Find Oldest Row Per Group?

  • This is my current script...

    ----------------------------------------

    SELECT Distinct

    "user_view"."fullName" as 'DRNAME',

    "FOLL_UP"."folder" as 'ACCT',

    "FOLL_UP"."pname" as 'PTNAME',

    case

    when def_type = 1 then 'Example1'

    when def_type = 2 then 'Example2'

    when def_type = 3 then 'Example3'

    end as "DTYPE",

    "DOCUMENT_NAMES"."TAG" as "DOCUMET NAME",

    e.pt_type as "PatType",

    DATEDIFF (day,"FOLL_UP"."AGEDATE", getdate()) as 'DAYS_SINCE',

    "FOLL_UP"."AGEDATE" as 'DATE'

    FROM "cab"."dbo"."user_view" "user_view" INNER JOIN "cab"."dbo"."FOLL_UP" "FOLL_UP" ON "user_view"."name"="FOLL_UP"."QUEUE"

    INNER JOIN "cab"."dbo"."DOCUMENT_NAMES" "DOCUMENT_NAMES" ON "FOLL_UP"."DOCTYPE_ID" = "DOCUMENT_NAMES"."DOCTYPE_ID" and "DOCUMENT_NAMES"."SET_ID" = 3

    INNER JOIN DB1..enc e (nolock) on e.enc = "FOLL_UP".folder and e.facility="FOLL_UP".facility

    WHERE "FOLL_UP"."FACILITY"='001' AND "FOLL_UP"."AGEDATE"<{ts '2012-03-20 00:00:00'} AND "FOLL_UP"."STATUS_ID"=2

    ORDER BY 'DRNAME' asc

    -----------------------------------------

    Results in..

    DRNAME, ACCT, PTNAME, DTYPE, DOCNAME, PATTYPE, Days Since, DATE

    Dr1, 1, PTNAME1, DTYPE1, DOCNAME1, PATTYPE1, Days Since = 20, SomeDate

    Dr1, 2, PTNAME2, DTYPE2, DOCNAME2, PATTYPE2, Days Since = 25, SomeDate

    Dr1, 3, PTNAME3, DTYPE3, DOCNAME3, PATTYPE3, Days Since = 10, SomeDate

    Dr2, 1, PTNAME1, DTYPE1, DOCNAME1, PATTYPE1, Days Since = 30, SomeDate

    Dr2, 2, PTNAME2, DTYPE2, DOCNAME2, PATTYPE2, Days Since = 19, SomeDate

    Dr2, 3, PTNAME3, DTYPE3, DOCNAME3, PATTYPE3, Days Since = 11, SomeDate

    Dr3, 1, PTNAME1, DTYPE1, DOCNAME1, PATTYPE1, Days Since = 2, SomeDate

    Dr3, 2, PTNAME2, DTYPE2, DOCNAME2, PATTYPE2, Days Since = 4, SomeDate

    Dr3, 3, PTNAME3, DTYPE3, DOCNAME3, PATTYPE3, Days Since = 5, SomeDate

    ------------------------------------------

    What I need to be able to get is just the following (Oldest Days Since per DRNAME Group)
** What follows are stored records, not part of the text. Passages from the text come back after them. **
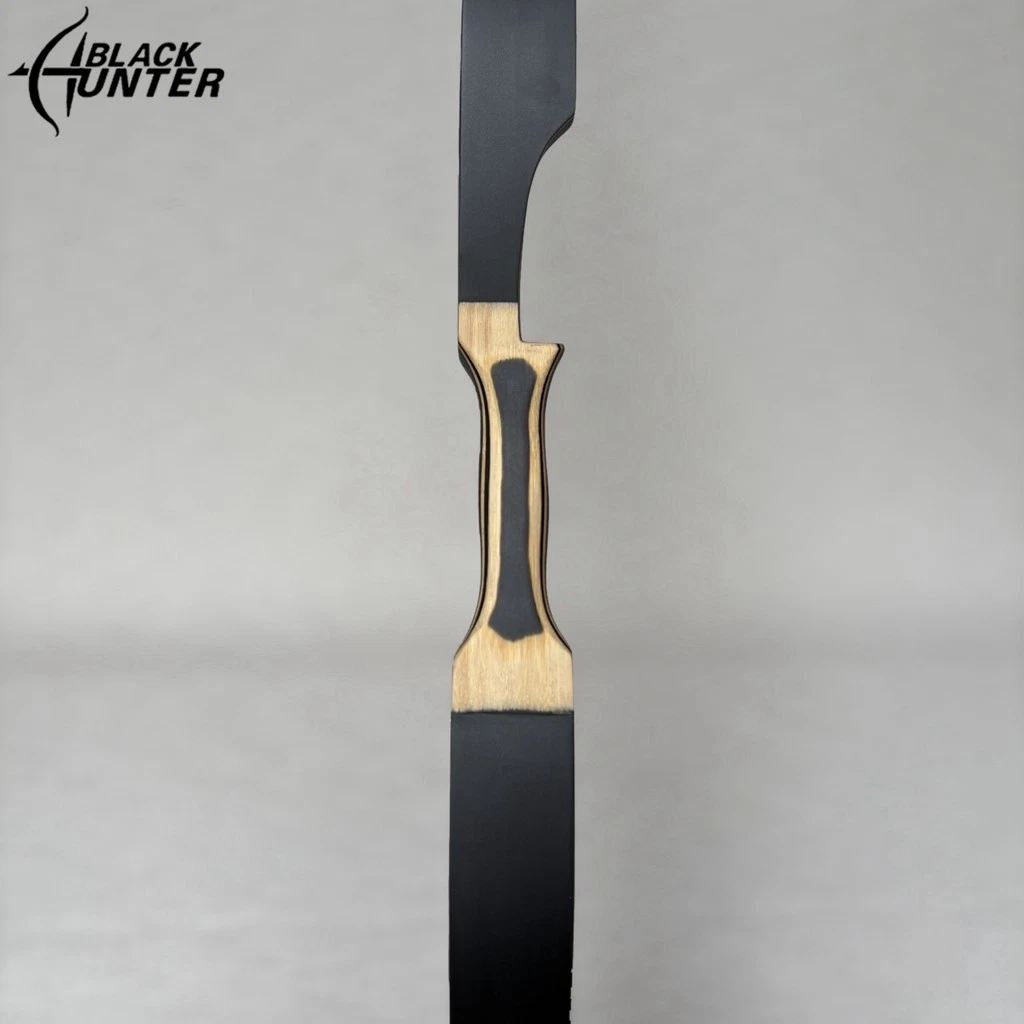 Black Hunter XT2 Long Bow 60" Traditional Longbow RH 20-50lbs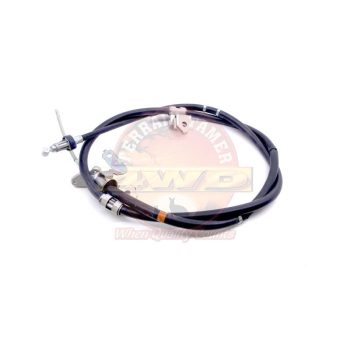   Terrain Tamer Kézifék bowden hátsó bal oldali Toyota Landcruiser GRJ KDJ KZJ RZJ 120 2002->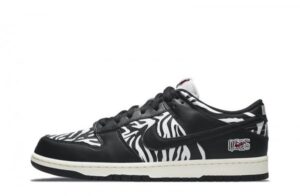 SB Dunk Low Quarter snacks Zebra Sneakers Reps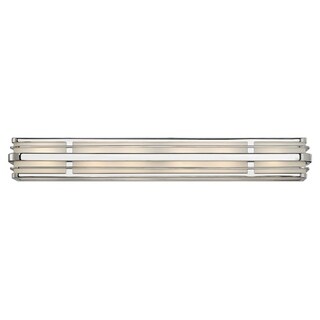 Hinkley Winton 6-Light Vanity Light in Chrome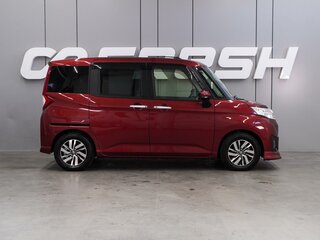 2019 Toyota Roomy I, красный, 1149000 рублей, вид 5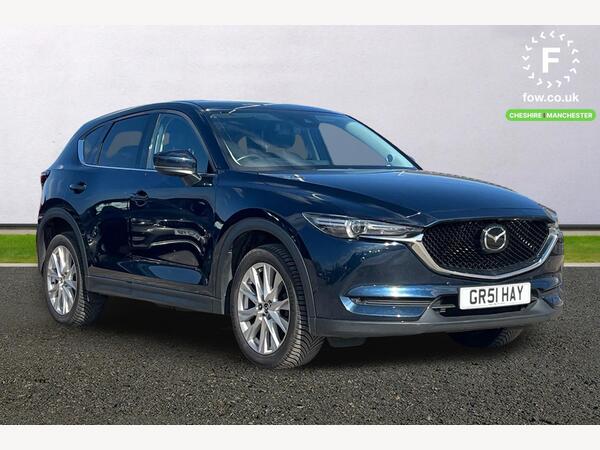 Mazda CX-5 2.2 SKYACTIV-D Sport Nav+ 4WD Euro 6 (s/s) 5dr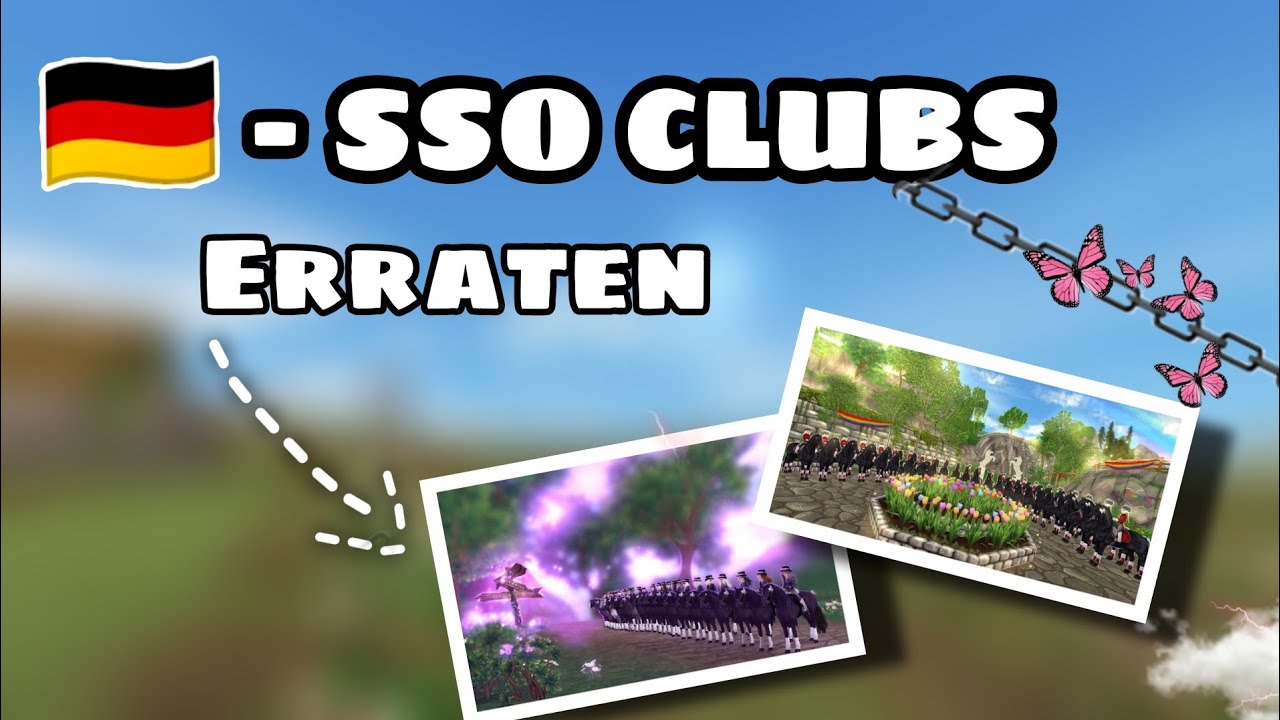 Könnt ihr alle deutschen SSO CLUBS erraten? 🇩🇪🎀 || [Star Stable] [Deutsch]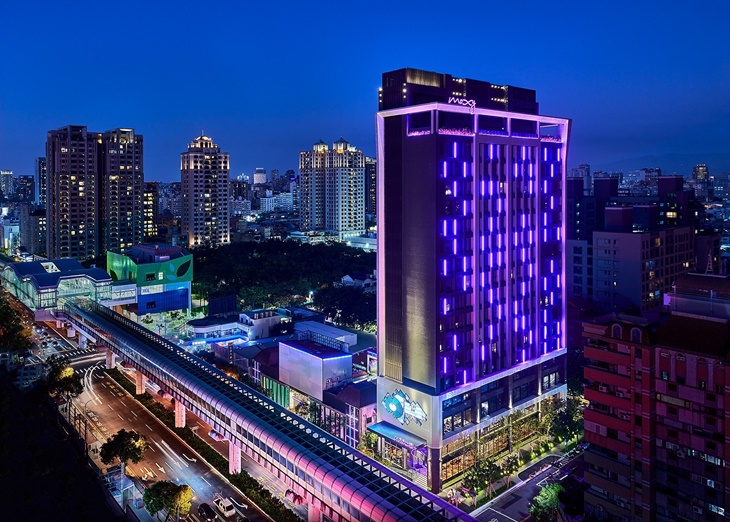 台中豐邑MOXY酒店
    Dr1...., Days Since = 25

    Dr2...., Days Since = 30

    Dr3...., Days Since = 5

    I have been trying to figure this out using TOP and group by with no luck... I am new to this. Sorry if this is obvious.

    Thank you!

  • When you say you've had no luck, do you mean you got an error message, or did you get the wrong results? What did you try? Here's a hint: you need to use the whole expression in your MAX function and GROUP BY clause, not just the alias you've given them in your query.

    John

  • Can you provide an example. All my attempts were last week and I did not save them. I just kept getting such and such field is not included in aggregate group by and must be included.etc,etc. Something to that nature.

  • How about some ddl and sample data? Then post what you have tried. The error message is pretty self explanatory. When using aggregates all non-aggregated columns must be included in the group by.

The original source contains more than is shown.